A different way to think about enterprise AI
Given the pressures, we need to flip the model for technology-led innovation. We need the competitive advantage with AI to grow from the edges inward in the following ways:
Push capability to the edge
Companies don’t have ideas, people do. Companies that are accelerating the fastest right now are those that are giving the tools to their individual users at the edge. That is where brilliance happens. It’s not by businesses that build vast enterprise systems. It’s by giving the tools to everyone at the edge who can help drive greater economic growth because they understand specifically what the customer need is at that point in time. Through agentic systems and safeguards and governing, we can make sure that the right controls are in place centrally to enable innovation to happen locally, without necessarily going back to the CIO or the Chief Technology Officer or the head of business line.
There's always been a gap between someone having an idea and bringing that to life. In the before-agentic era, someone with an idea would file a requirements document with suggested use cases. The idea may eventually have been greenlit, depending on cost and value. But it just as easily may have been stifled in the process.
Now everyone in the organization can have access to governed AI tools that can access enterprise data securely and in line with policy. Employees can now vibe code on a platform that brings the idea or functionality to life and enables them to drive innovation.
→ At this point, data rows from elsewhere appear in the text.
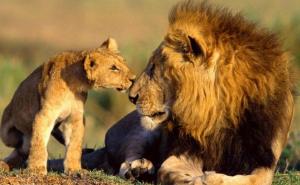 Do sredine stoljeća nestat će polovina vrsta na planeti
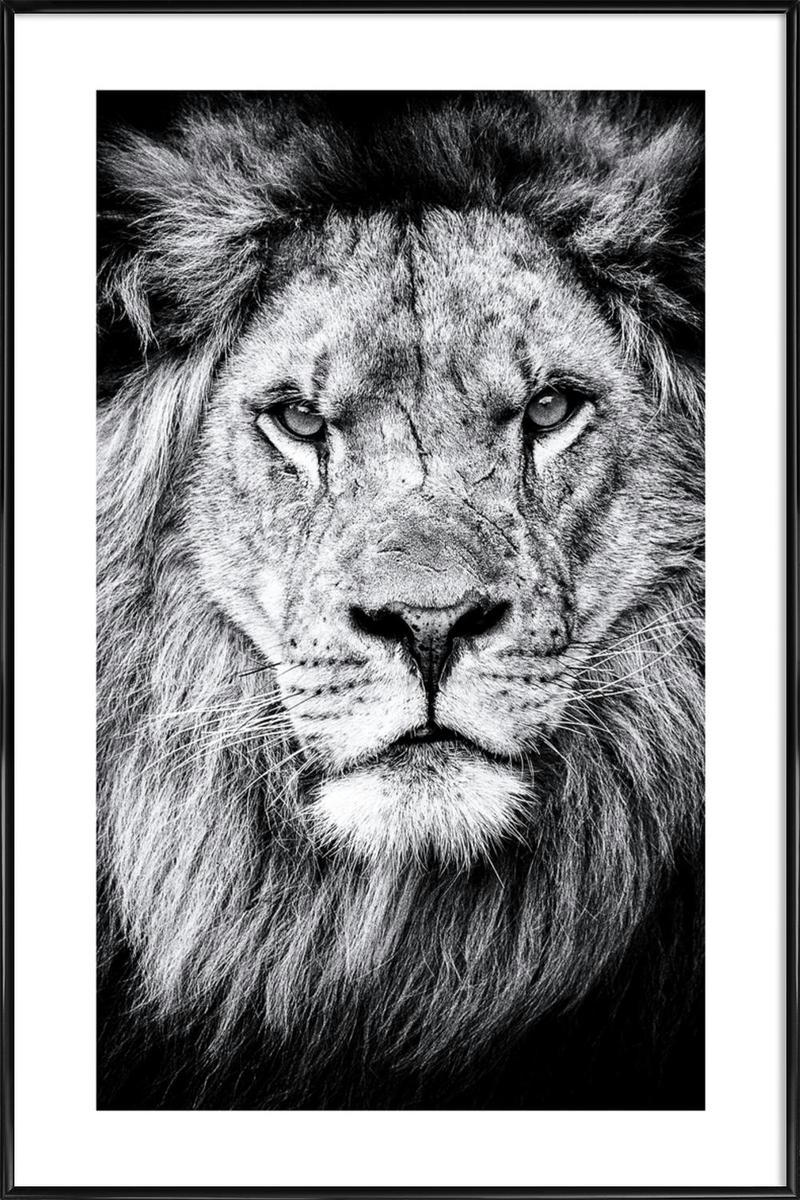 PORTRAIT OF A REGAL LION - Affiche dans cadre standard (noir) blanc & noir 20x30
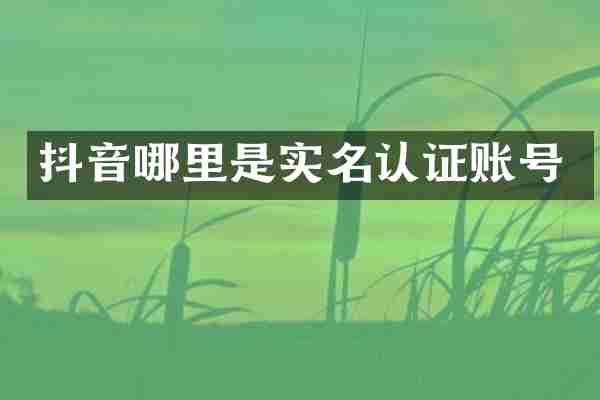 抖音哪里是实名认证账号
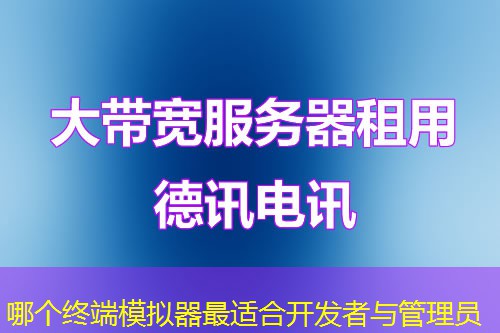 哪个终端模拟器最适合开发者与管理员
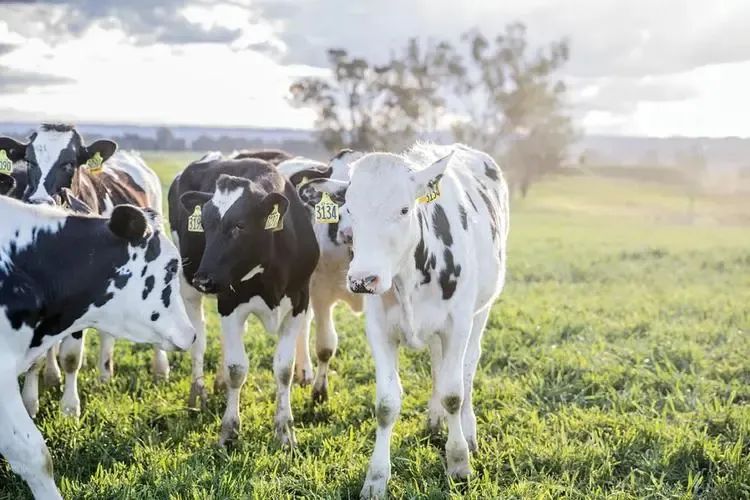 A*奶2**粉适合什么样的宝宝？市面上的热门A*奶2**粉测评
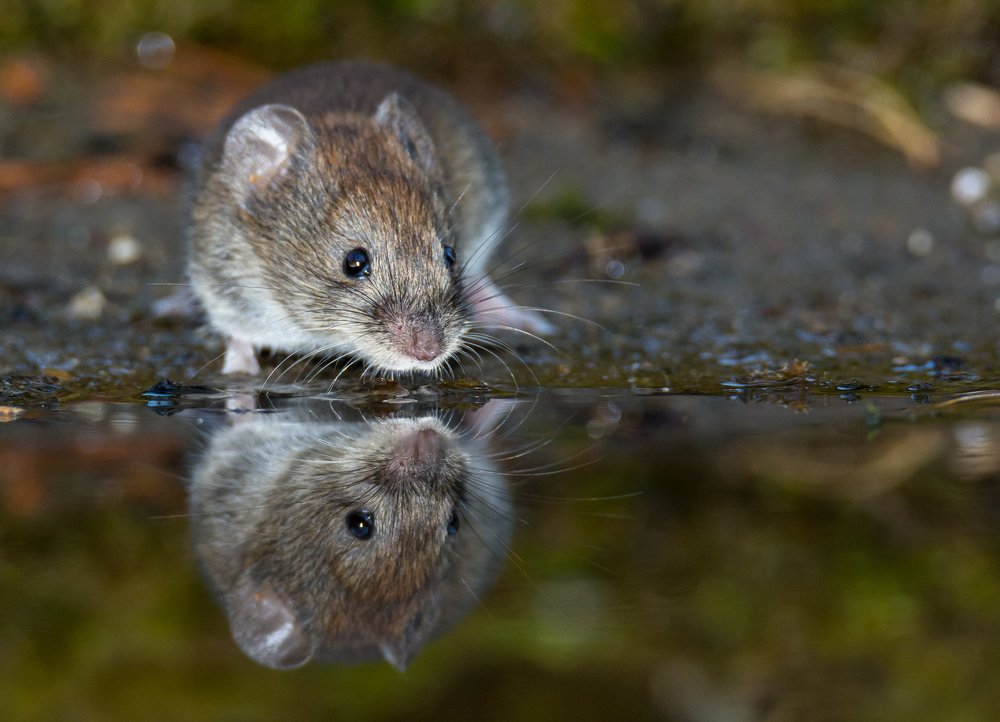 Мышь на водопое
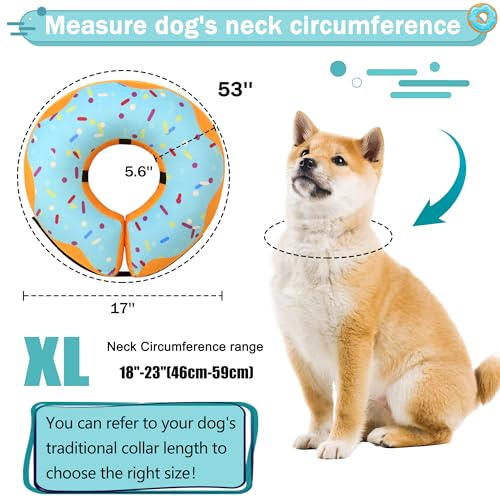 Recovery Donut Collar for Dogs & Cat (Blue / XL(neck 18"-23"))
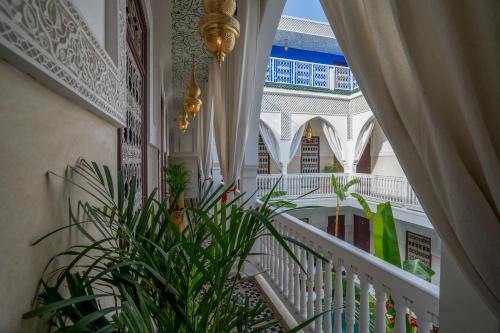 Riad les palmiers de la medina - main image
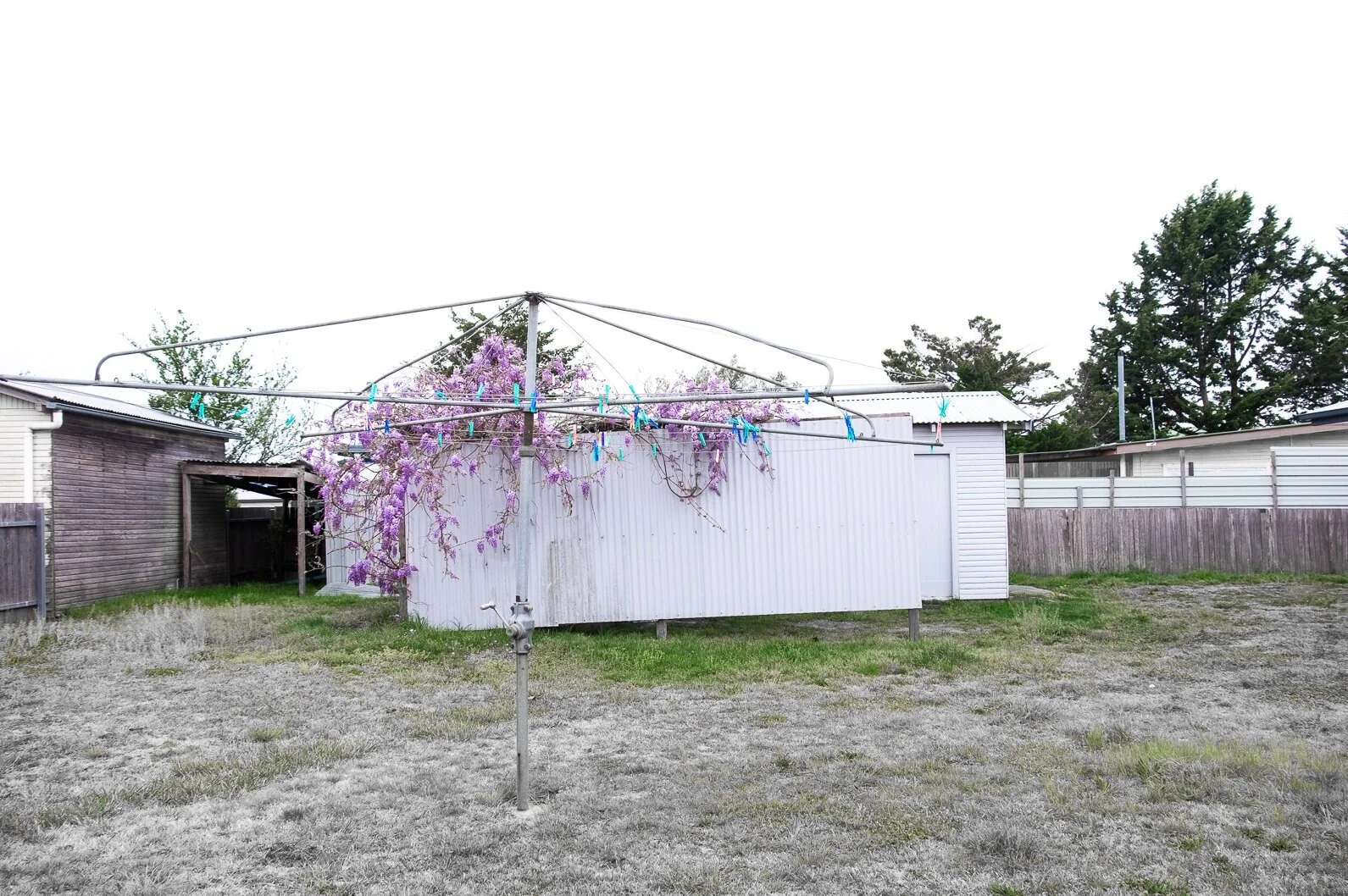 Jennifer Drew_clothesline_01.jpg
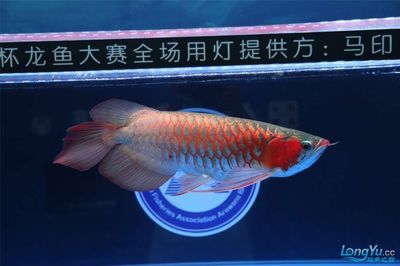 龍魚(yú)用什么燈好一點(diǎn)：如何選擇適合龍魚(yú)的燈具 龍魚(yú)百科 第2張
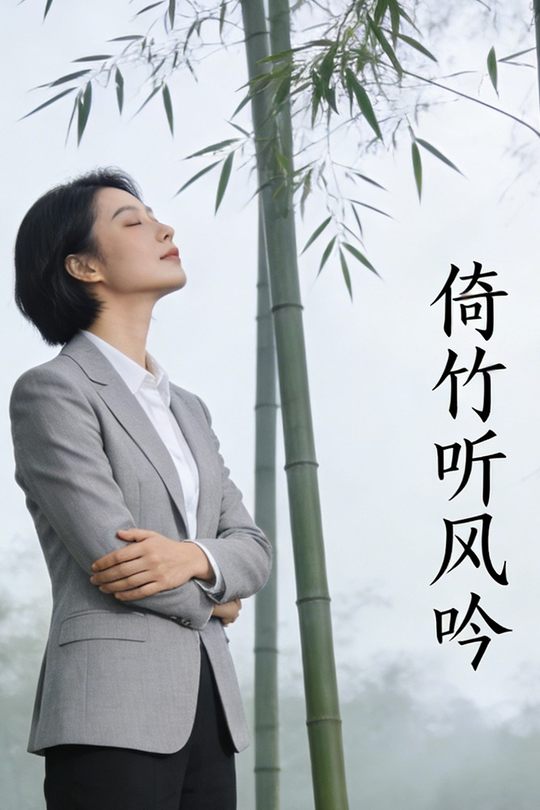 倚竹听风吟封面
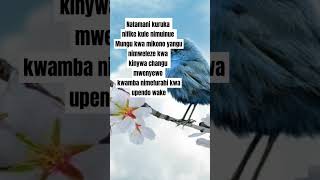 Natamani kuruka  Nipishe njia nipeni nafasi with Lyrics by B Mukasa [upl. by Karie]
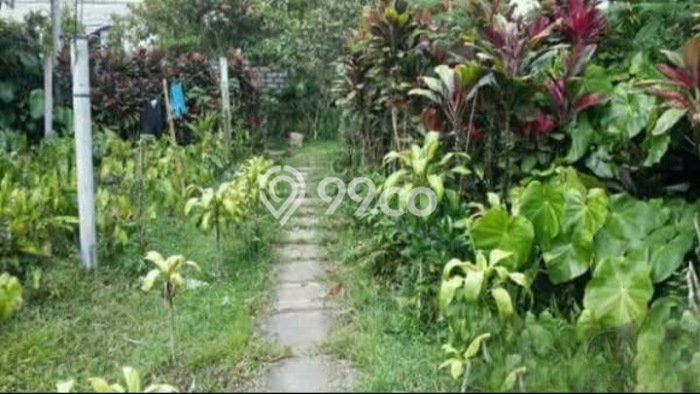 Dijual Tanah 4300m2 di Luwus, Tabanan Dijual Tanah 4300m2 di Luwus, Tabanan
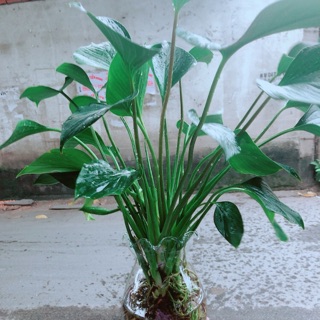 Chậu Thanh Tâm Thuỷ Sinh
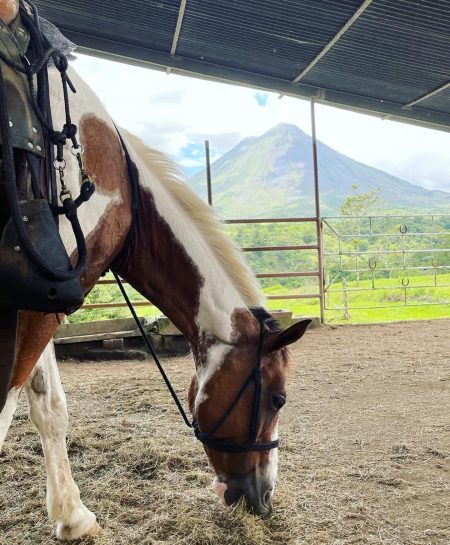 Tour A Caballo Al Volcán Arenal - Imagen 6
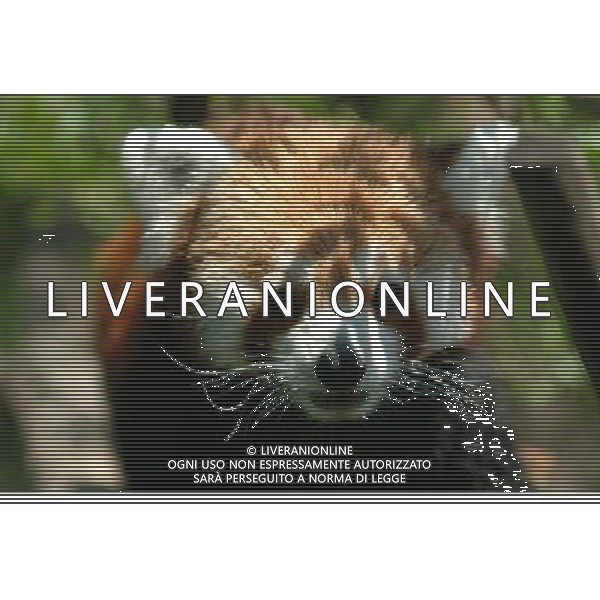 Panda Rosso minore FOTO LEONARDO DI ROSA-AGENZIA ALDO LIVERANI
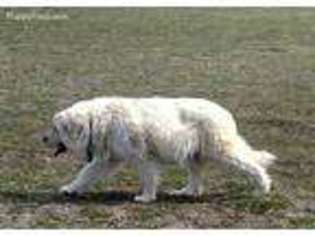 Great Pyrenees Puppy for sale in Grand Junction, CO, USA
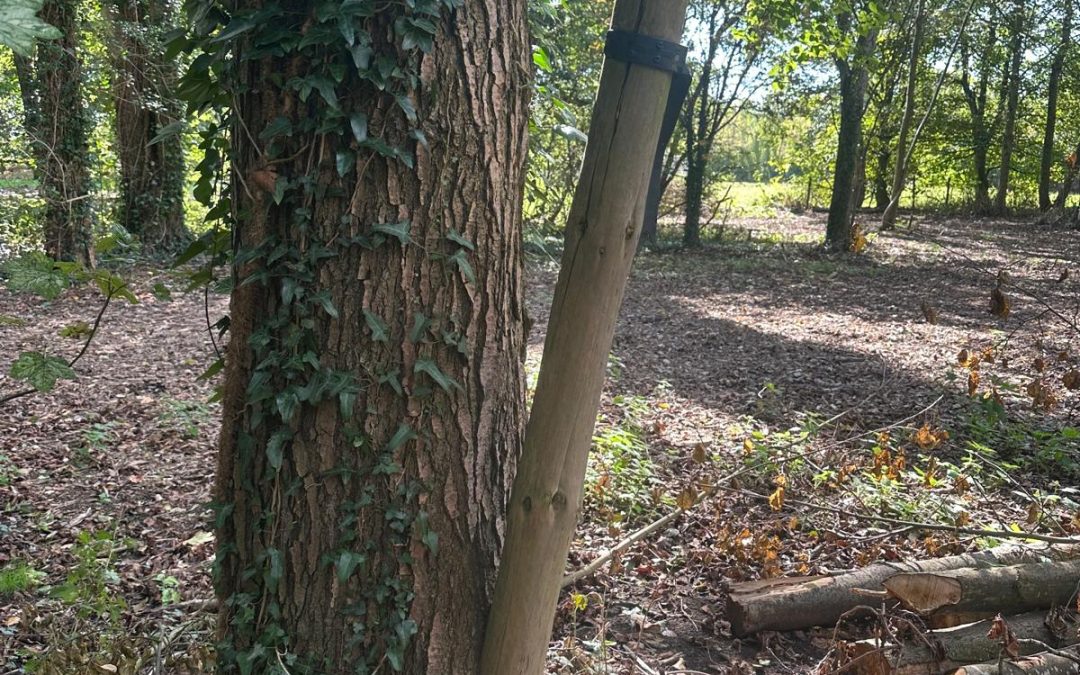 The Importance of Post-Planting Care: Giving Young Trees the Best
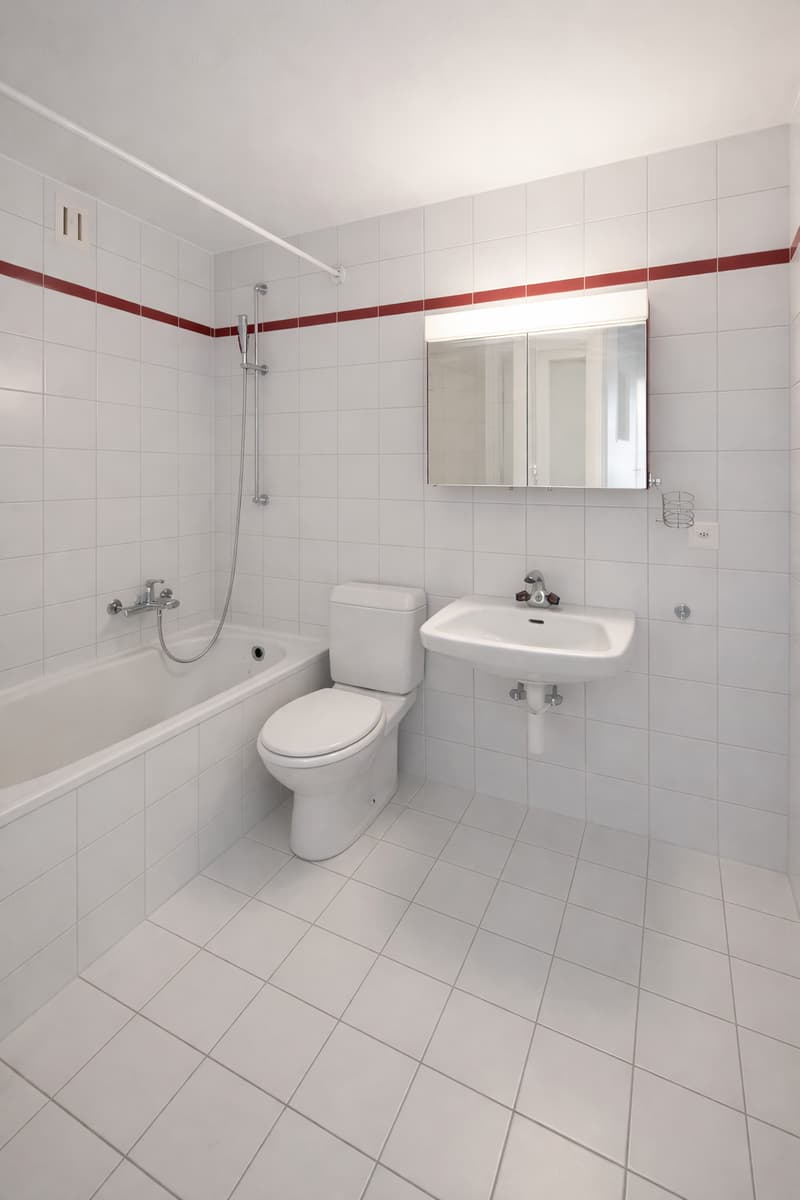 Charming 3.5-room apartment with panoramic view - First month's rent offered! (9)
The best example I have seen of this is between two retailers who decided to automate at the store level, not even at the central level, the ability to take in a stock and inventory sheet and then proactively mail the customers that had asked for products to be reserved for them in store. It was purely as simple as taking one data sheet, merging it with another and finding an outcome. The difference was this was done by two people who had no knowledge of how to do that level of technical integration. It was done through a prompt, which was “Can you help me merge these two sheets and create emails to the people that are on the list?” And they did it themselves with no intervention from IT. Customer service and satisfaction went up and when it was explored as to why, it was found that it was due to this point of innovation that happened purely because the organization had enabled the employees to have the ideas and to bring them to life.
Start with a global governance platform
AI is an enabler, not a brand-new strategy. It always worries me when I meet with a team that presents their “AI strategy.” The leaders’ responsibility is to understand what the corporate strategy or national strategy is, and how AI can be an accelerant or a capability driver within that strategy. And an important aspect of this is to have a global governance platform to ensure regulatory compliance in each region.
Plan for how the company will adopt technology
The most common question that I field from businesses is, “What should I do first?”
The answer is always regulatory and governance: making sure that you can do things safely and in a protected way. Then it’s about the implementation of a knowledge management platform, which looks at how we aggregate every system in an enterprise and make it universally accessible and useful.
The moment to act is now
Now after-agentic, we have reached a point where economic growth based on AI innovation will only start to accelerate. Again: it's not a conversation around maturity, it's a conversation around adoption.
The organizations that will win are those that democratize access to AI for all of their employees. This is not a conversation about productivity. It’s about providing access to data across all enterprise systems, so employees can make informed, structured decisions that drive the business forward in a highly autonomous way while maintaining the organization’s security safeguards.
Employees already know what excellent digital experiences look like. They see where customers struggle. They are ready to act. The question is if their leaders will let them.